[Exercise materials]:
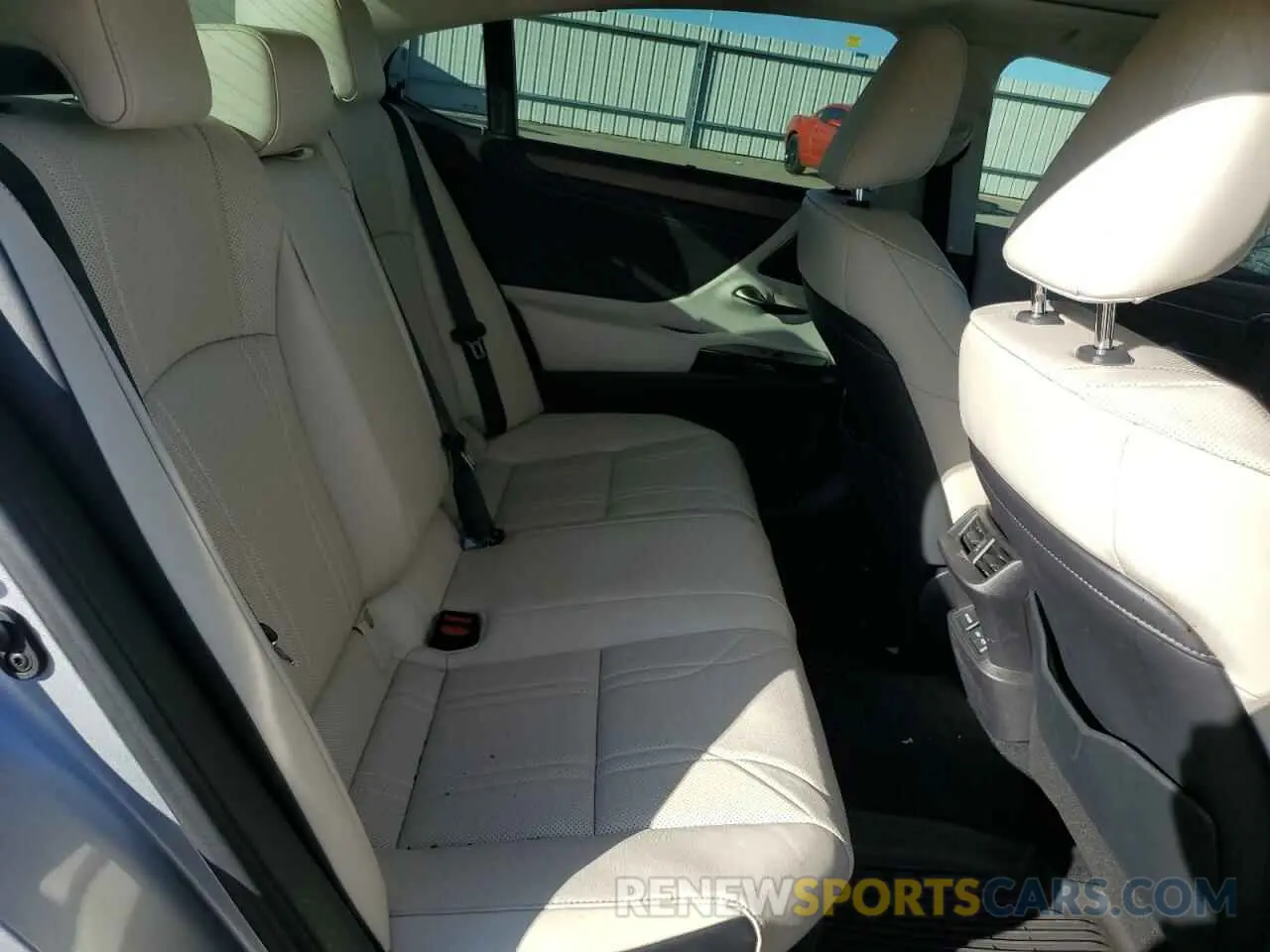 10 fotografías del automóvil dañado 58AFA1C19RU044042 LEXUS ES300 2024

* * *

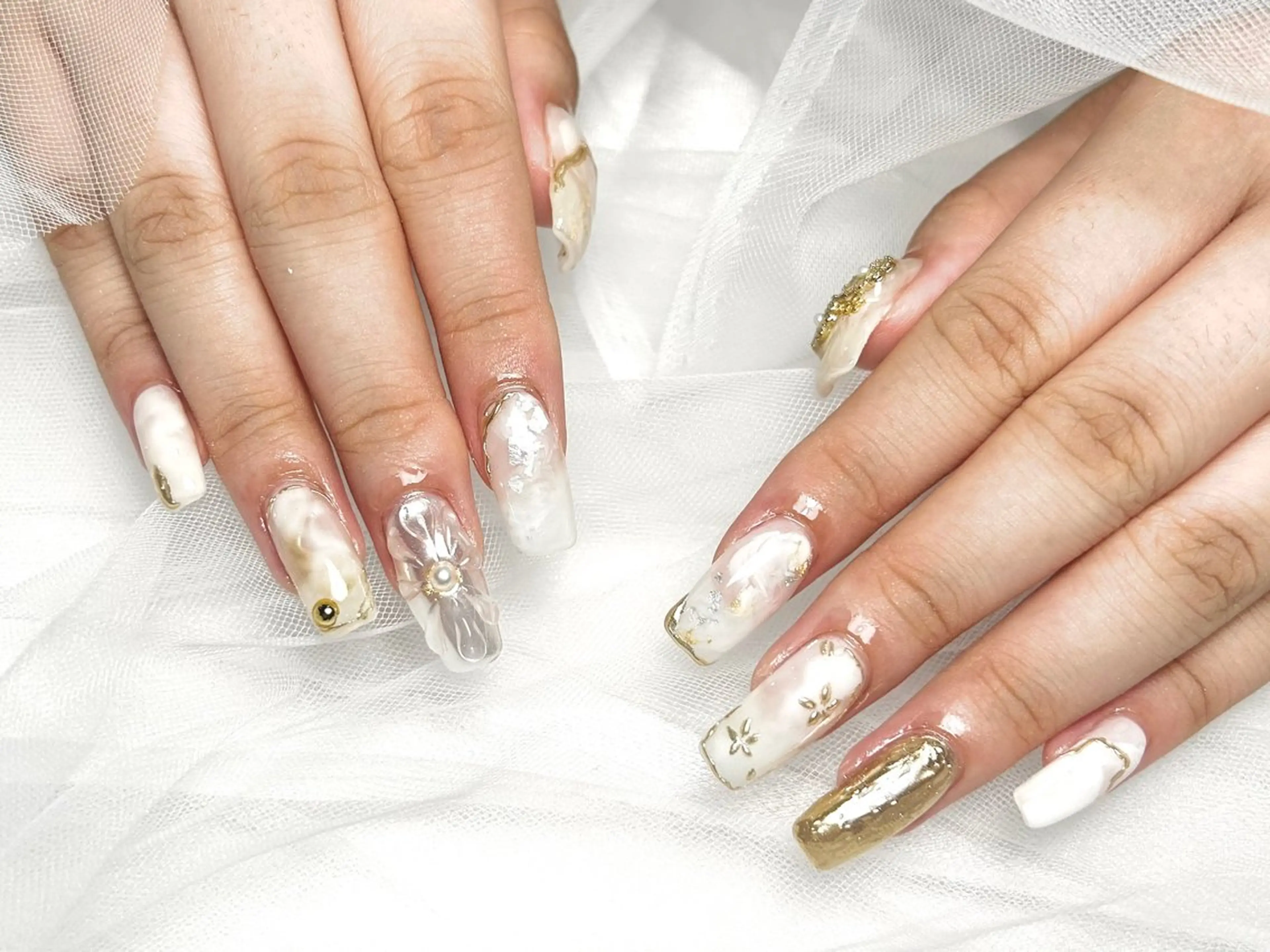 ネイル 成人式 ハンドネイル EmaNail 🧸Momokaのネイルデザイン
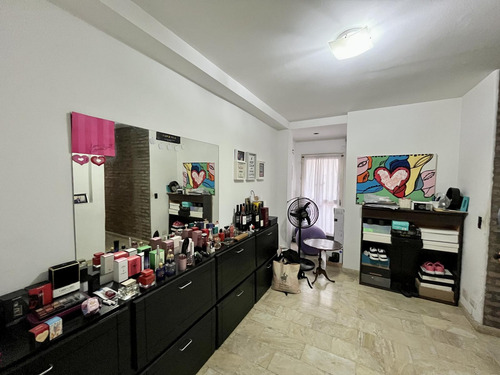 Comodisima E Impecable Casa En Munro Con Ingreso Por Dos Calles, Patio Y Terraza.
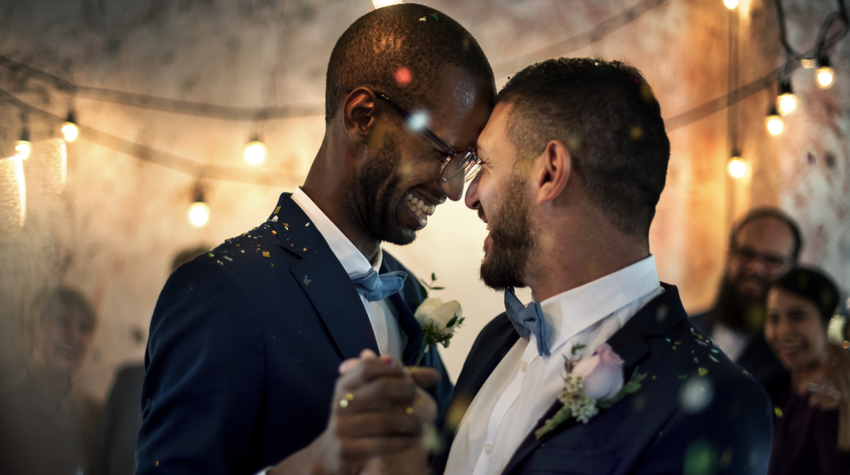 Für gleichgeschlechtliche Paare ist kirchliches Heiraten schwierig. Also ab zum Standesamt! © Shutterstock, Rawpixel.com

---

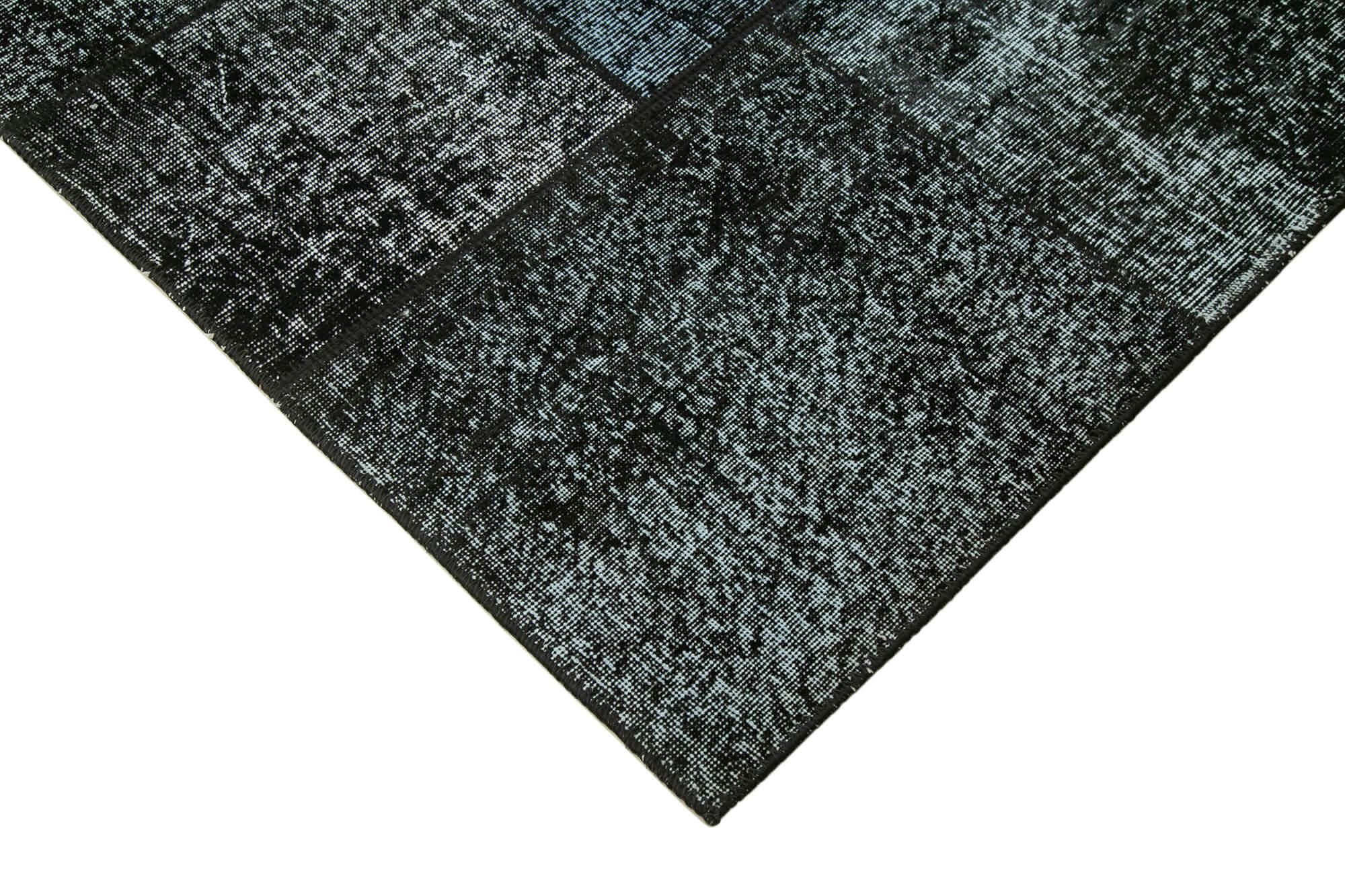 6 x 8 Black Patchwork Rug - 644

[Work to complete]: Print, exactly, each line above from the one with "Comodisima E Impecable" to the one with "Für gleichgeschlechtliche Paare", end lines included. Leave pictures out of it.

[Task solution]:
 Comodisima E Impecable Casa En Munro Con Ingreso Por Dos Calles, Patio Y Terraza.
 Für gleichgeschlechtliche Paare ist kirchliches Heiraten schwierig. Also ab zum Standesamt! © Shutterstock, Rawpixel.com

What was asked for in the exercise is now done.